5A-Practice problems with linear approximation

January 19, 2026August 14, 2020 by Maged kamel

Last Updated on January 19, 2026 by Maged kamel

Table Of Contents

Practice problems with linear approximation.
Practice problem #4- the second problem of the Practice problems with linear approximation.

Practice problems with linear approximation.

This is practice problem #3; it requires finding the approximate value of the third root of 8.

In Practice problem #3, it is required to obtain the approximate value of the third root of 8, the third root of 8.20, and the third root of 25.00. Here are the steps:

Part 1 of Practice problem #3-Practice problems with linear approximation.

1-Our starting point is chosen to be a₀=8.00, in the first case let b₀= 8.00.
2- The function value at x=8 will f(x)=2.00.
3-The differentiation of f(x)will be=1/3*(x^(1/3)-1)=1/3*x^(-2/3), the slope value at x=8, will be=(1/3)*(8)^(-2/3)=1/12.

4-Use the linear approximation expression and get L(x=8) =f(8)+(y’*(x_b-x_a), a is the starting point where x=8.00 and ending point=8.00, the term relates to the slope will be=0.
5- the linear approximation L(x=8)=2.00+(1/12)*(8.00-8.0))=2.00. 6-The exact value is the approximated value + error, the exact value is equal to 2.00, and the approximated value=2.00.

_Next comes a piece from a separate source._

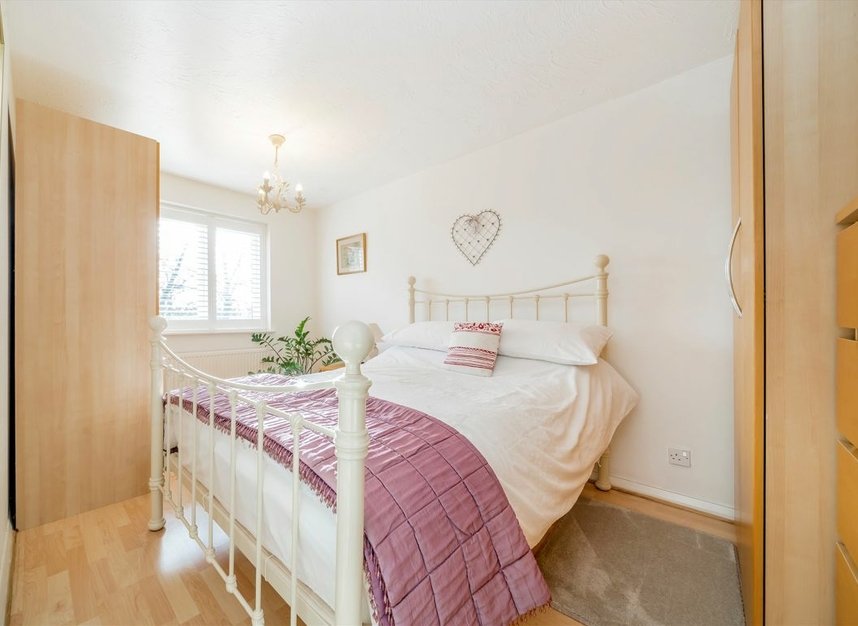 Properties for sale in Winterburn Close - N11 3DJ view4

7- The error value=2-2=0.00. Refer to the previous slide image for more details.

Part 2 of Practice problem #3, the first problem of the Practice problems with linear approximation.

Solved example #3: It is required to get the approximate value of the third root of 8.20.
1-Our starting point is chosen to be a₀=8.00, in the first case b₀= 8.20.
2- The function value at x=8=2.00, this f(x=a).
3-The differentiation of f(x)will be=1/3*(x^(1/3)-1)=1/3*x^(-2/3), the slope value at x=8, will be=(1/3)*(8)^(-2/3)=(1/12).

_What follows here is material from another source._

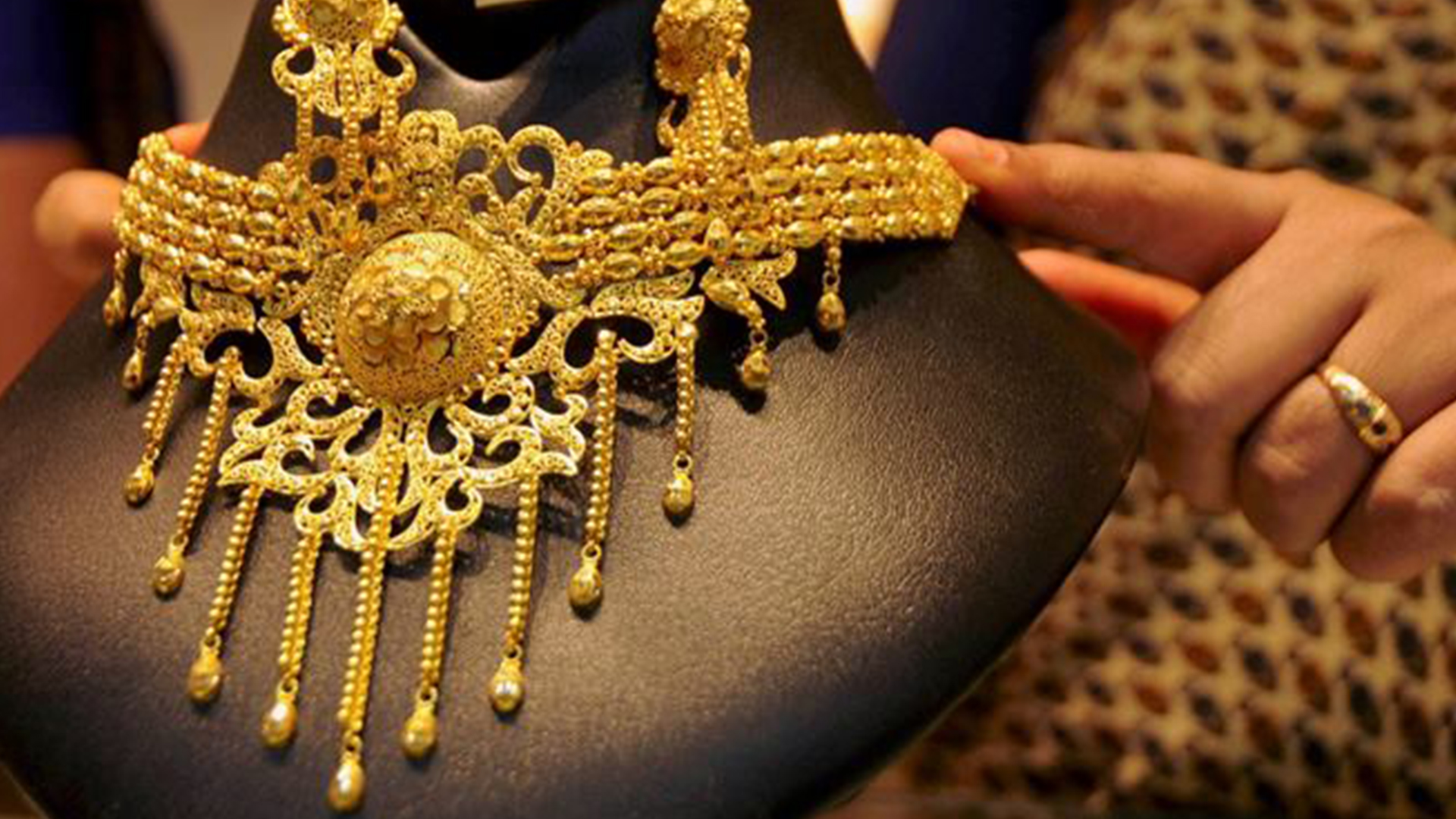 Gold prices drops by one thousand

4-Use the linear approximation expression and get L(x=8) =f(8)+(y’*(x_b-x_a), a is the starting point where x=8.00 and ending point=8.20.

5-L(x=8.20)=2.00+(1/12)*(8.20-8.0))=2.0166. ated value=2.00.
6-The exact value equal to the approximated value + error, the exact value is 2.01652, the approximated value=2.0166.

Part 3 of Practice Problem #3: Practice problems with linear approximation.

In Part 3 of Practice Problem #3, the approximate value of the third root of 25.0 is required.
1-Our starting point is chosen to be a₀=8, in this third case the value of b₀= 25.
2- The function value at x=8=2.00, this f(x=a).
3-The differentiation of f(x)will be=1/3*(x^(1/3)-1)=1/3*x^(-2/3), the slope value at x=8, will be=(1/3)*(8)^(-2/3)=(1/12).

4-Use the linear approximation expression and get L(x=25.0) =f(8)+(y’*(x_b-x_a), a is the starting point where x=8.00 and ending point=25.

5- The linear approximated value at 8.2 will be written as L(x=8.20)=2.00+(1/12)*(25.0-8.0)=3.4166.
6-The exact value is the approximated value + error; the exact value is 2.92424, and the approximated value is 3.41666.
7- The error value=(2.92424-3.4166)=-0.49266.